┌────────

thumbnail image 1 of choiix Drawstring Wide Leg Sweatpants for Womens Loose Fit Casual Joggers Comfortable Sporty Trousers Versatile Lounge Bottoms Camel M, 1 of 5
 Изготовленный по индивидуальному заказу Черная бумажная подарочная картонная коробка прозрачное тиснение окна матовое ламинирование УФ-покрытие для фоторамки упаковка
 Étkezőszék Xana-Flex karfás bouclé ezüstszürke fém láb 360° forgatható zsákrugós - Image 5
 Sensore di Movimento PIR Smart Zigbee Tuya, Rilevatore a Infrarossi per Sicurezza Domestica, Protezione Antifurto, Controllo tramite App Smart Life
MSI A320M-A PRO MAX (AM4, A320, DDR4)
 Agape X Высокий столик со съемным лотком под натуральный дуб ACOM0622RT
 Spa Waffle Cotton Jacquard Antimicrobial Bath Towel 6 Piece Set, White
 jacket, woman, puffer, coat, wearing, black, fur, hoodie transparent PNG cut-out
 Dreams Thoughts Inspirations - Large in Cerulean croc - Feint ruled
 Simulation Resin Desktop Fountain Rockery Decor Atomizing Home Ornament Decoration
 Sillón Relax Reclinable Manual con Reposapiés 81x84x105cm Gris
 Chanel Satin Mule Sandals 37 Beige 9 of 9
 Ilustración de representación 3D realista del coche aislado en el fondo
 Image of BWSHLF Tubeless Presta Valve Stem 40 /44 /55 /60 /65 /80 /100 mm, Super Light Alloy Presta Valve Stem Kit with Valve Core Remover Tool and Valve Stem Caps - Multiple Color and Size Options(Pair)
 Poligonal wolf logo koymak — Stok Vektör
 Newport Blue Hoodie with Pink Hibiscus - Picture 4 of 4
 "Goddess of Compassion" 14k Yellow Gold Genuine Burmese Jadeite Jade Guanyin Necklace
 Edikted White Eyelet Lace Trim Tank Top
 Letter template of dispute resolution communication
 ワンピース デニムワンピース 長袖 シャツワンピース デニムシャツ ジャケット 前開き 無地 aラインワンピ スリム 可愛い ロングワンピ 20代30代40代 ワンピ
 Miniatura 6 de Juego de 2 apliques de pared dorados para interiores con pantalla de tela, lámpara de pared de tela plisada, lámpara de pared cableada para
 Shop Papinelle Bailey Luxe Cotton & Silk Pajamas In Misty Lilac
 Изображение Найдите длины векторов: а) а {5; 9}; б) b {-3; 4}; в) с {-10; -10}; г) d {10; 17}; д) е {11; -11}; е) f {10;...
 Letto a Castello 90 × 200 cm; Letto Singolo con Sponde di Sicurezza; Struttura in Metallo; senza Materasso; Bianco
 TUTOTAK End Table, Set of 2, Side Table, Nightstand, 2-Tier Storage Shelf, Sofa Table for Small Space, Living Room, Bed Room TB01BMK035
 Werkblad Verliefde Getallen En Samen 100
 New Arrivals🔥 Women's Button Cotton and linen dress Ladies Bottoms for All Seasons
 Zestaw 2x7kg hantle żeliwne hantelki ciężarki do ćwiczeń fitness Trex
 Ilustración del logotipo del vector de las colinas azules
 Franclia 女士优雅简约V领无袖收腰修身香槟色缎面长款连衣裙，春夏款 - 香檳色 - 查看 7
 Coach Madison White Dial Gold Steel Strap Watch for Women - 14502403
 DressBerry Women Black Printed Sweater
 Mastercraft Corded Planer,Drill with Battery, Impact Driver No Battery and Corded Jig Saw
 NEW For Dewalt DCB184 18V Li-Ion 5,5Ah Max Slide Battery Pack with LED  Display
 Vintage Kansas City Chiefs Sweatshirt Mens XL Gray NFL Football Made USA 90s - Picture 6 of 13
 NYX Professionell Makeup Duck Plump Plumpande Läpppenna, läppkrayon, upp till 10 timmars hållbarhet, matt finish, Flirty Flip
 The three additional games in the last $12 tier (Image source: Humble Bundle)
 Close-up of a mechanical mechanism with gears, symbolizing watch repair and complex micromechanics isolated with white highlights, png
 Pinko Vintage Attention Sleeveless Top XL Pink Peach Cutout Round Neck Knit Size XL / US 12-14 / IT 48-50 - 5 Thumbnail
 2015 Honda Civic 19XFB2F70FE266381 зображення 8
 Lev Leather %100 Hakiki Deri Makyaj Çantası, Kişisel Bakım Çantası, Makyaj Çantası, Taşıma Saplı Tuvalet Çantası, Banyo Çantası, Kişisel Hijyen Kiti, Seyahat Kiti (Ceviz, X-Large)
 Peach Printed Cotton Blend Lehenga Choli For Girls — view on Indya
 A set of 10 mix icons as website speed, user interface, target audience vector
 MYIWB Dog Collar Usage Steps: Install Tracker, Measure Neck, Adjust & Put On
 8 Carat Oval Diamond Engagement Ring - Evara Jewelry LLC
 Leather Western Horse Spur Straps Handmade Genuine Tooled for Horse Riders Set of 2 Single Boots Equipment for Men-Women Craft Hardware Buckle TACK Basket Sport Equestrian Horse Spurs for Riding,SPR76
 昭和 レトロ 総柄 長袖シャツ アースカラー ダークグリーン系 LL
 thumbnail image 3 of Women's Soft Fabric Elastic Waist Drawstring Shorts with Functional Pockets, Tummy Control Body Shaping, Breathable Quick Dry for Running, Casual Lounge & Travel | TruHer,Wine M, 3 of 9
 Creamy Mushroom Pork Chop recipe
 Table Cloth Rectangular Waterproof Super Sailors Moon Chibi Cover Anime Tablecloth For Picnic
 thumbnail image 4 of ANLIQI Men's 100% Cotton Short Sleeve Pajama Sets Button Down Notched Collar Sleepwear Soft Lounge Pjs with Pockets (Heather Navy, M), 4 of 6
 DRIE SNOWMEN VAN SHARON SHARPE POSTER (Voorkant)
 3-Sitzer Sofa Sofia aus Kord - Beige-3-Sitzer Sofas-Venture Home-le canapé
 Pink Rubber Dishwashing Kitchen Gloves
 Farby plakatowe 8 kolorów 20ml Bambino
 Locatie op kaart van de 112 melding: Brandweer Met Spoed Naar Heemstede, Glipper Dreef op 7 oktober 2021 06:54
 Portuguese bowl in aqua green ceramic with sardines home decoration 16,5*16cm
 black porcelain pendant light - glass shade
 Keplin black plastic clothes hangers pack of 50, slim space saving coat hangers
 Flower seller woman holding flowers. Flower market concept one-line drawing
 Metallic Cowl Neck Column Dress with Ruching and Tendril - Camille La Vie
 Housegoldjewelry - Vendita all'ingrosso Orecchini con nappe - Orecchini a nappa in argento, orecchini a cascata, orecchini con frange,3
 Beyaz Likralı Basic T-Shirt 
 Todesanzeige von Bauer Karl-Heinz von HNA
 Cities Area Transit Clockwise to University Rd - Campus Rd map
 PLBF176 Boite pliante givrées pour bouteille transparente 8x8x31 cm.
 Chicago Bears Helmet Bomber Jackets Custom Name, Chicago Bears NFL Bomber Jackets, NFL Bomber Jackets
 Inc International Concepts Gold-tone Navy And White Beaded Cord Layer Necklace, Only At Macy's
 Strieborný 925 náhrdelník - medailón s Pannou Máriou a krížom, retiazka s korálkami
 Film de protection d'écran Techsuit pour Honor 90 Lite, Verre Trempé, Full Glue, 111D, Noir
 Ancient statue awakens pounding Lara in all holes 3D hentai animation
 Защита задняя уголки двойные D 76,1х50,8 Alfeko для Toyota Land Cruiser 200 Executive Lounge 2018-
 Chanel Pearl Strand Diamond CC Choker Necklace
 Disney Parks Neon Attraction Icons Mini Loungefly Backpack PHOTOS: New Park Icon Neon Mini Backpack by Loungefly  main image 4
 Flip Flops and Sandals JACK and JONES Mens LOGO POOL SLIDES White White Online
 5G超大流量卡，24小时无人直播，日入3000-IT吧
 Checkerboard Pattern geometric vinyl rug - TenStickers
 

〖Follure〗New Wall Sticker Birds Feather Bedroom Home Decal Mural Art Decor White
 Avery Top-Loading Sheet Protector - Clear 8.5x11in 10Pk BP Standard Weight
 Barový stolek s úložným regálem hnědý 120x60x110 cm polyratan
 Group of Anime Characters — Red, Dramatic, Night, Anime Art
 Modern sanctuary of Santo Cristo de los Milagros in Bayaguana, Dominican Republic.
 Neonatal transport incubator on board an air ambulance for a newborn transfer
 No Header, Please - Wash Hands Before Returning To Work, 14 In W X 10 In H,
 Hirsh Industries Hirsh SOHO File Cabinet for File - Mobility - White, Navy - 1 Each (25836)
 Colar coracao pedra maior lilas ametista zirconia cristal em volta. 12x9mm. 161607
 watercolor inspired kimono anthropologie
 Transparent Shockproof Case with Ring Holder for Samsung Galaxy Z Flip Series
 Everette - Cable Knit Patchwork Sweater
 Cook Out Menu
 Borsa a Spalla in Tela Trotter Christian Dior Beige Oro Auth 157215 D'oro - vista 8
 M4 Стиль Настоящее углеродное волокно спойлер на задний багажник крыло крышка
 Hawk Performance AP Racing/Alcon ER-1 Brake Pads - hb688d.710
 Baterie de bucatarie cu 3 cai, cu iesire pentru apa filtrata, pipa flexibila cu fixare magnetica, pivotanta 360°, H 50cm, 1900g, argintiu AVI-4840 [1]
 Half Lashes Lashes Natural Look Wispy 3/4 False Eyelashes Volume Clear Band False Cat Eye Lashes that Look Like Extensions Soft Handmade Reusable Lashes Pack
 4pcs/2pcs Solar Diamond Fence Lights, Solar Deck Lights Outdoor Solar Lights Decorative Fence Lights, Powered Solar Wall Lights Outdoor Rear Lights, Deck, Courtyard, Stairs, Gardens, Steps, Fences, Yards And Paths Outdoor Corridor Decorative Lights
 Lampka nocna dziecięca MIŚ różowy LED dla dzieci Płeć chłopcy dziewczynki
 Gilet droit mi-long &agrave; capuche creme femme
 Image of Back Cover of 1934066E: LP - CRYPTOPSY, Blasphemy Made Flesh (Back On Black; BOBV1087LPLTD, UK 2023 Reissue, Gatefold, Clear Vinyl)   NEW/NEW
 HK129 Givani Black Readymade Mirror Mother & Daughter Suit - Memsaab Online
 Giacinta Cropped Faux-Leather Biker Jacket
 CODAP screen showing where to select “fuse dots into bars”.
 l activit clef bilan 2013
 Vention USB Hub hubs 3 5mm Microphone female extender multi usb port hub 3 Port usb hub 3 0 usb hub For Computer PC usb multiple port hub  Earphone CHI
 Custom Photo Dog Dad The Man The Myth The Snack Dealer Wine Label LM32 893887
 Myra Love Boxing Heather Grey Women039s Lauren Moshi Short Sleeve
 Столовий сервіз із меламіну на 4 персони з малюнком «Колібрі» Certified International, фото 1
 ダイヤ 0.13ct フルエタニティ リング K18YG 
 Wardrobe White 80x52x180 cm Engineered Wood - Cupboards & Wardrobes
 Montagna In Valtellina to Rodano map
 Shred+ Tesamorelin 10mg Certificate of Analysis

└────────

• _Try it_
Everything from the line with "5G超大流量卡，24小时无人直播，日入3000-IT吧" through the line with "Gilet droit mi-long" should be written out exactly as it appears above, end lines included, and nothing outside that range.

• _Response to the exercise_
 5G超大流量卡，24小时无人直播，日入3000-IT吧
 Checkerboard Pattern geometric vinyl rug - TenStickers
 

〖Follure〗New Wall Sticker Birds Feather Bedroom Home Decal Mural Art Decor White
 Avery Top-Loading Sheet Protector - Clear 8.5x11in 10Pk BP Standard Weight
 Barový stolek s úložným regálem hnědý 120x60x110 cm polyratan
 Group of Anime Characters — Red, Dramatic, Night, Anime Art
 Modern sanctuary of Santo Cristo de los Milagros in Bayaguana, Dominican Republic.
 Neonatal transport incubator on board an air ambulance for a newborn transfer
 No Header, Please - Wash Hands Before Returning To Work, 14 In W X 10 In H,
 Hirsh Industries Hirsh SOHO File Cabinet for File - Mobility - White, Navy - 1 Each (25836)
 Colar coracao pedra maior lilas ametista zirconia cristal em volta. 12x9mm. 161607
 watercolor inspired kimono anthropologie
 Transparent Shockproof Case with Ring Holder for Samsung Galaxy Z Flip Series
 Everette - Cable Knit Patchwork Sweater
 Cook Out Menu
 Borsa a Spalla in Tela Trotter Christian Dior Beige Oro Auth 157215 D'oro - vista 8
 M4 Стиль Настоящее углеродное волокно спойлер на задний багажник крыло крышка
 Hawk Performance AP Racing/Alcon ER-1 Brake Pads - hb688d.710
 Baterie de bucatarie cu 3 cai, cu iesire pentru apa filtrata, pipa flexibila cu fixare magnetica, pivotanta 360°, H 50cm, 1900g, argintiu AVI-4840 [1]
 Half Lashes Lashes Natural Look Wispy 3/4 False Eyelashes Volume Clear Band False Cat Eye Lashes that Look Like Extensions Soft Handmade Reusable Lashes Pack
 4pcs/2pcs Solar Diamond Fence Lights, Solar Deck Lights Outdoor Solar Lights Decorative Fence Lights, Powered Solar Wall Lights Outdoor Rear Lights, Deck, Courtyard, Stairs, Gardens, Steps, Fences, Yards And Paths Outdoor Corridor Decorative Lights
 Lampka nocna dziecięca MIŚ różowy LED dla dzieci Płeć chłopcy dziewczynki
 Gilet droit mi-long &agrave; capuche creme femme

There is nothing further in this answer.